El caso impacta no solo por el horror de la historia -cuesta mirar de frente la miseria de quienes están dispuestos a esclavizar a un niño-, sino también porque evidencia las condiciones actuales de la migración en nuestro país. Si alguna vez la motivación fue ir en busca de un destino mejor, hoy queda poco de ese sueño: se llega a un lugar casi tan pobre como el de origen, los traslados se producen en el marco de redes más o menos sofisticadas de delito -no es otra cosa la venta de una niña- y las personas involucradas son sencillamente invisibles. “Ella podría haber desaparecido y nadie se habría dado cuenta”, afirma el fiscal Osvaldo Yáñez al explicar que la niña carecía de identidad, pues nunca fue inscrita en Bolivia, y su ingreso tampoco fue advertido en Chile. La tragedia empeora si consideramos que no es un caso aislado. El mismo reportaje comienza con un migrante interceptado en su intento de entrar al país acompañado de un menor, a quien presentó como su hijo, pues se advirtieron señales de una eventual trata de personas. Nada asegura entonces que la historia de esta pequeña sea excepcional, y el Estado, por lo visto, es ciego frente a ello. Solo sabemos que muchos ingresan al país por pasos no habilitados, pero la detección de hechos como este pareciera depender de la voluntad de terceros -como la vecina- dispuestos a denunciarlo. La precariedad del escenario es evidente: alta presión migratoria, negocios criminales clandestinos alimentados por ella, un país empobrecido, una ciudadanía enojada y migrantes en una situación igual o peor que aquella de la cual escaparon.

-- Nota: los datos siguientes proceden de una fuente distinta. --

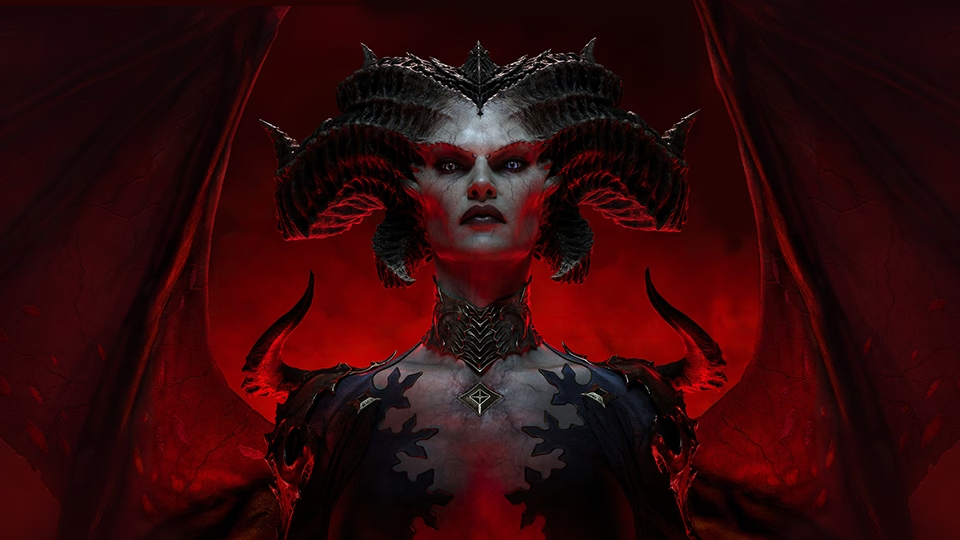 Netflix to Develop ‘Diablo’ Animated Series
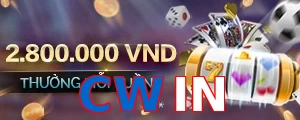 CWIN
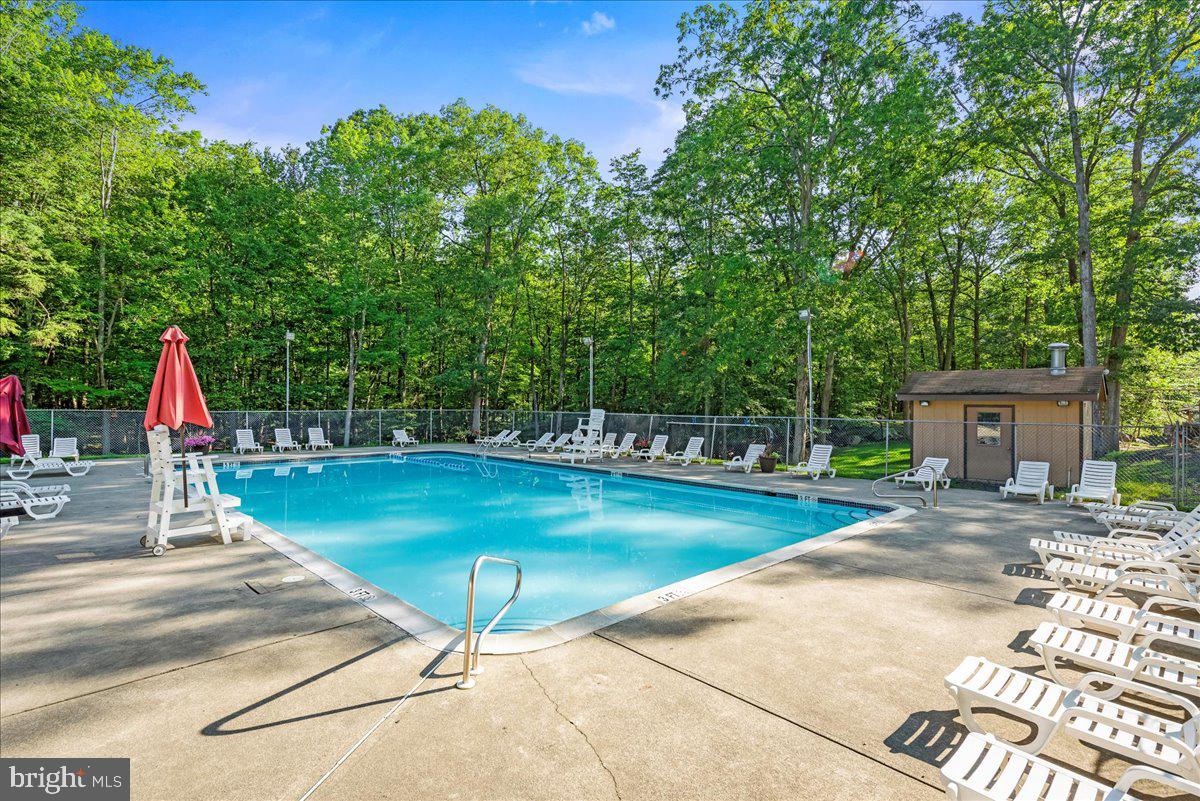 PENN ESTATES - Residential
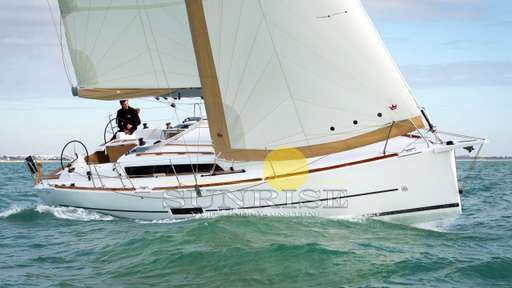 Dufour yachts Dufour yachts Dufour 35 classic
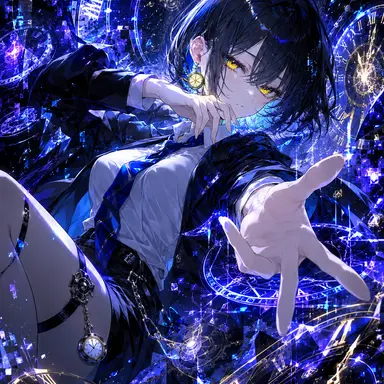 Profile image of クロノア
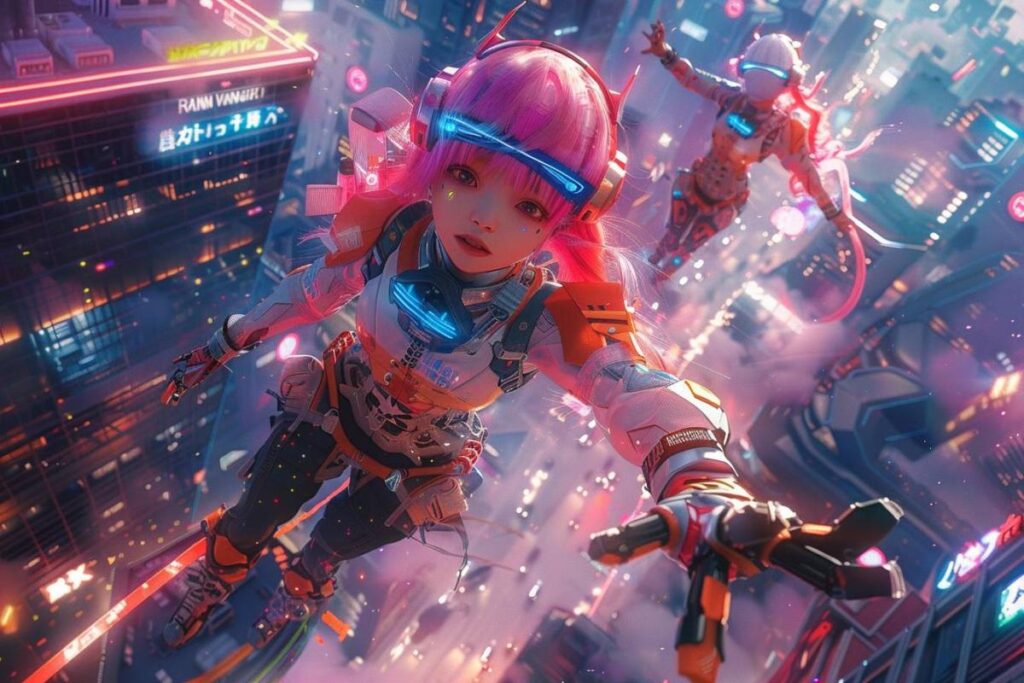 Roblox codes Anime Vanguards (décembre) / Mis à jour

Esta misma semana se dio a conocer la llegada de migrantes haitianos, en el contexto de los procesos de reunificación familiar organizados por el Estado. Una legislación que combine iniciativas de control migratorio e integración puede ser pertinente, cuestión que las reacciones destempladas de estos días no quieren considerar. Sin embargo, es cierto también que algo no anda bien en una institucionalidad que logra reunir familias sin contar antes con un control efectivo de quiénes entran al país y en qué condiciones lo hacen. Y mientras no tengamos una política capaz de hacerse cargo de ese desafío, los discursos que azuzan los crecientes recelos ciudadanos respecto de la migración se seguirán reproduciendo, y probablemente con éxito.

Una forma eficaz de responder a la estridencia es quitarles a quienes alimentan esos recelos el patrimonio exclusivo de su representación: la voluntad de hacerse cargo de la crisis migratoria no puede quedar capturada por los más radicales. Y este terrible caso puede ser ocasión para intentarlo, con representantes dispuestos a ofrecer (al fin) una agenda dura y restrictiva, pues no hay otra forma de asegurar lo mínimo: vidas dignas tanto para quienes habitan el país como para quienes llegan. No es necesario renunciar a la vocación por acoger al que viene de lejos para reconocer hoy, como dijo el propio Presidente Boric hace unos meses, que Chile no está en condiciones de recibir a nadie más. Porque como vimos en la historia de esa niña, y por más doloroso que sea aceptarlo, el país no puede responder por ella.